In der Leipziger Schokofabrik Böhme schuften 400 Frauen für 1.500 Mark brutto / Jetzt streiken sie zum ersten Mal in ihrem Leben – und verachten die „Streikbrecherinnen“  ■ Aus Delitzsch Thorsten Schmitz

Die Sorge um den Kontostand planiert zweimal am Tag das schlechte Gewissen von 70 Frauen und ein paar Männern. Seit ein paar Tagen treffen sie sich morgens um fünf Uhr vor einer Bäckerei in der Dübener Straße, wenn 30.000 Delitzscher noch unter Daunen liegen. Sie wollen keine Brötchen. Sie wollen die Gewißheit, daß ihr privates Soll und Haben im Gleichgewicht ist. Der Schlaf klebt noch in ihren Augen und auch ein bißchen Scham. Paarweise steuern sie zu auf Tor 1 ihres Geldgebers, die Böhme-Schokoladenfabrik. Untergehakt, den Blick stur auf den Boden gerichtet.

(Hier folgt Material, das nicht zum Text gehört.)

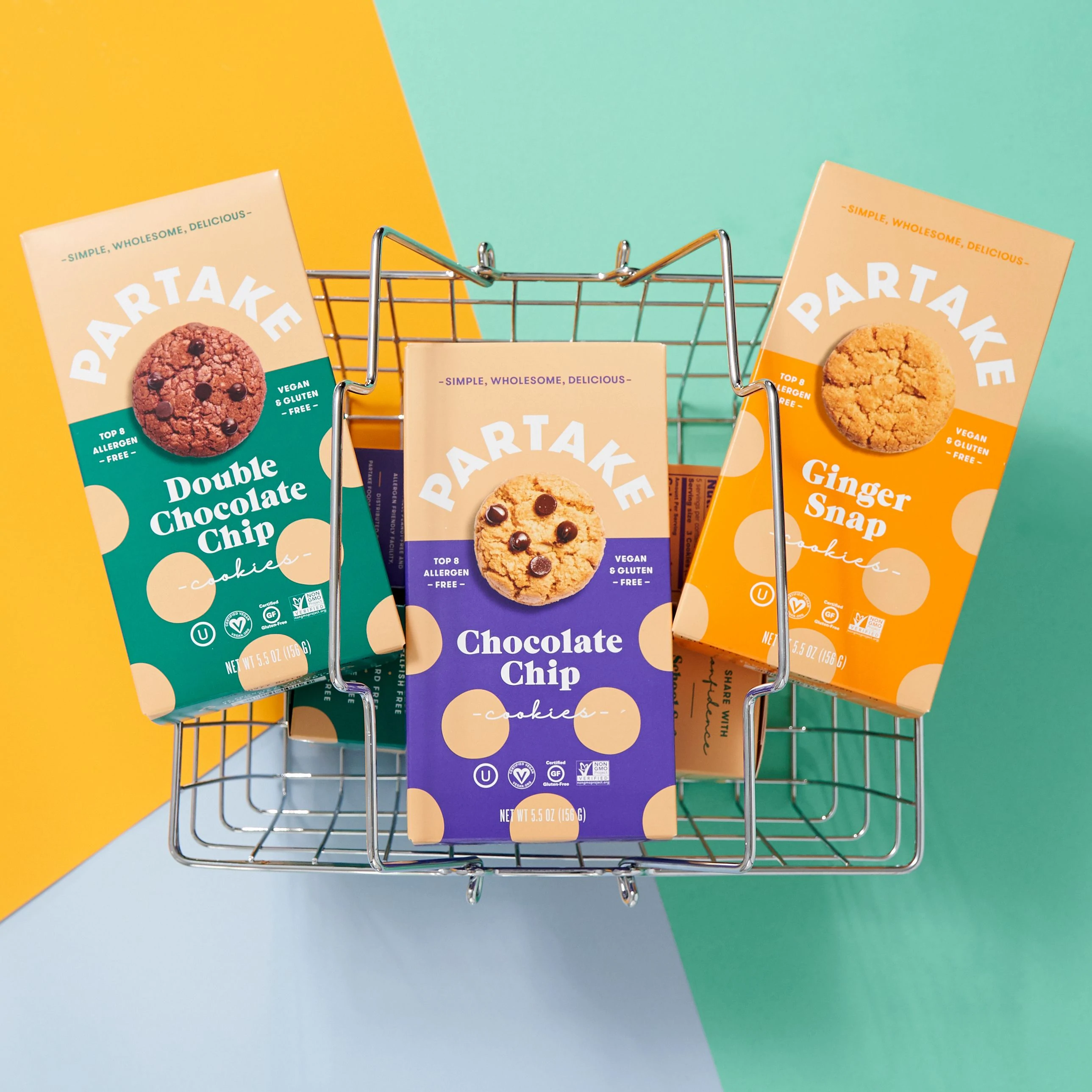 Trio kotak kue Parttake Foods dalam rasa Double Chocolate Chip, Chocolate Chip, dan Ginger Snap yang dilatarbelakangi oleh keranjang belanjaan logam.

„Als ob ich auf den Scheiterhaufen muß“, flüstert die junge Mutter dreier Kinder. Der Schritt durchs Tor ist eine Qual. Denn zuerst muß sie an einer Gruppe Streikender vorbei. Es sind ihre Kolleginnen, die ein schmales Spalier gebildet haben. Sie trillern mit geliehenen Pfeifen der Gewerkschaft Nahrung, Genuß, Gaststätten (NGG). „Streikbrechern“, wie sie die Arbeitswilligen mit runtergezogenen Mundwinkeln titulieren, muß man das Miese ihres Tuns ins Gehirn pfeifen. Die NGG hat den Streikenden außerdem empfohlen, die Namen der Umfallerinnen in ein Streikbuch zu notieren. Das hält einerseits wach, der Tag ist noch frisch, andererseits täuscht die kollektive Beschimpfung über die eigene Angst hinweg. Und die ist groß.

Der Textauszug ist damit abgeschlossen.